そのために、日本のアメリカ化は決定的だ。日本は、米覇権新戦略のための「モデル」であり、「拠点」だと言える

朝鮮の「改革開放」、アメリカ化のため、日本の経済力を動員する意味は小さくない。トランプが日朝関係の改善、そのための拉致問題の早期解決に関心を払うのも分かるというものだ。

■全世界のアメリカ化か自主化か
国と民族そのものを否定するグローバリズムによる覇権は、国と民族を抑え、その上に君臨する覇権としては、この上ない究極のものだった。

だが、国と民族という人々の基本集団、基本単位の否定は、人間生活のすべてでその矛盾を露呈した。
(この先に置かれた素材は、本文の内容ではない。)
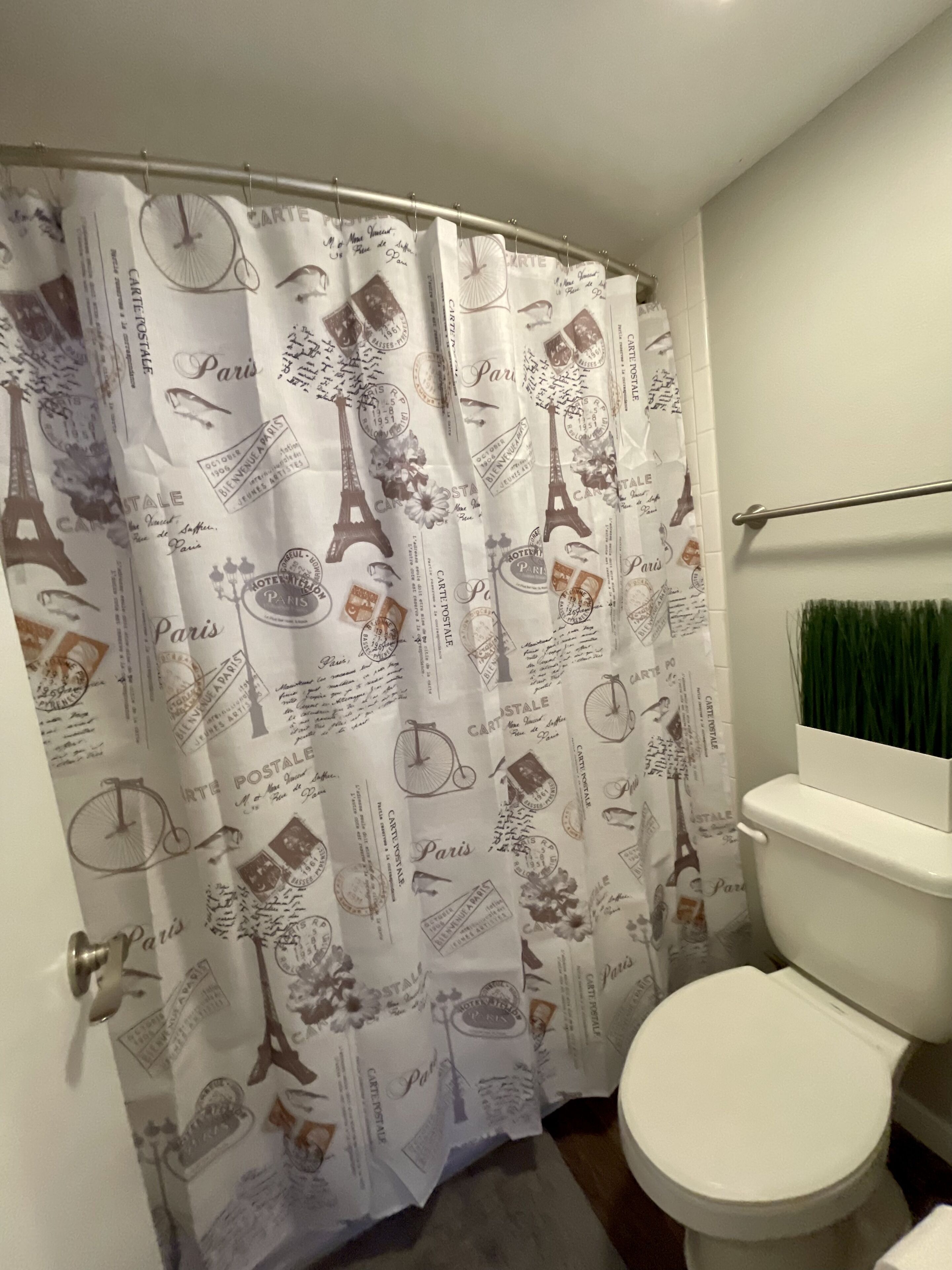 Une salle de bain avec un rideau de douche orné de motifs parisiens, des toilettes et un porte-serviettes avec une serviette verte.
経済停滞や反テロ戦争の泥沼化と数千万難民の出現、世界に燃え広がった反グローバリズム、自国第一主義の炎は必然だった。

究極の覇権、グローバリズム覇権の破綻を受け強行されているトランプ政治、世界の警察官をやめると宣言したこの政治は、よく言われるように覇権を放棄したものなのだろうか。
どうやらそうではないようだ。事実、トランプによる「アメリカ・ファースト」は、相手国の「ファースト(国益第一)」を認めながら、二国間の「ディール(取り引き)」で米国の国益を押しつけて行く「ファースト覇権」とも言えるものだ。

覇権とファースト、この露骨であからさまな矛盾を押し通す鍵はただ一つ、米国の国益を相手国の国益にする以外にない。
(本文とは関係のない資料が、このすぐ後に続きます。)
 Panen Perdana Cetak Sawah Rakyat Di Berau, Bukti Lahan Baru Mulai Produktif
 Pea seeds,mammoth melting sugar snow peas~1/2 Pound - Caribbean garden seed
そんな魔術はどうすれば可能か。トランプのディールの腕前一つではとてもかなわない。そこで米国が頼みにするのが、核とハイテクで世界を脅し、宇宙空間から睨みをきかせる軍事力、そして、カネとITネット網、豊富なノウハウで各国経済の対米融合と依存を促す米系外資を押し立てての経済力だ。この軍事、経済の覇権力に基づいて追求されるもの、それこそが全世界のアメリカ化だ。ここにまさに、米国の国益を各国の国益にする魔術の秘訣があるのではないだろうか。
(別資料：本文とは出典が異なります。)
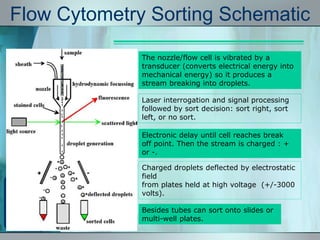 Ffc Sorting Fluorescence- Activated Cell Sorter (FACS) | PPTX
その先頭に立たされ、「モデル」「拠点」にされているのがわが日本だ。そこで問題となるのは何か。それは当然のことながら、それが日本と日本国民にとってどうなのかということだ。

今、日本には国論を二分するような論議も、そのための基準もない。しかし、それが生まれる条件は充ち満ちてきているように思える。それは、何が真のファースト、国益第一なのか、主権第一、民意第一に考えることではないだろうか。

今、世界は動いている。東北アジアでも、欧州、アジア、中南米でも。そこで追求されている自国の国益第一は、「エゴ」ではない。各国の主権、民意の要求であり、米覇権に反対する地域、周辺諸国共同の要求、世界共同の要求だ。

最早、覇権国家が世界を動かす時代は過ぎ去った。国々が世界で地域で、様々な形で結束し共同して、「ディール」(各個撃破)による「アメリカ・ファースト」の押しつけをはね除け、自国の国益第一に、それを実現していく時代だ。

欧米覇権が黒船で押し寄せ、日本を脱亜入欧させてから150年。今、日本に押し寄せてきているのは、アジアと世界の脱覇権自主の新時代、とりわけ、東北アジア新時代だ。全世界のアメリカ化か自主化か、どちらの先頭に立つのか、日本にはその選択が問われていると思う。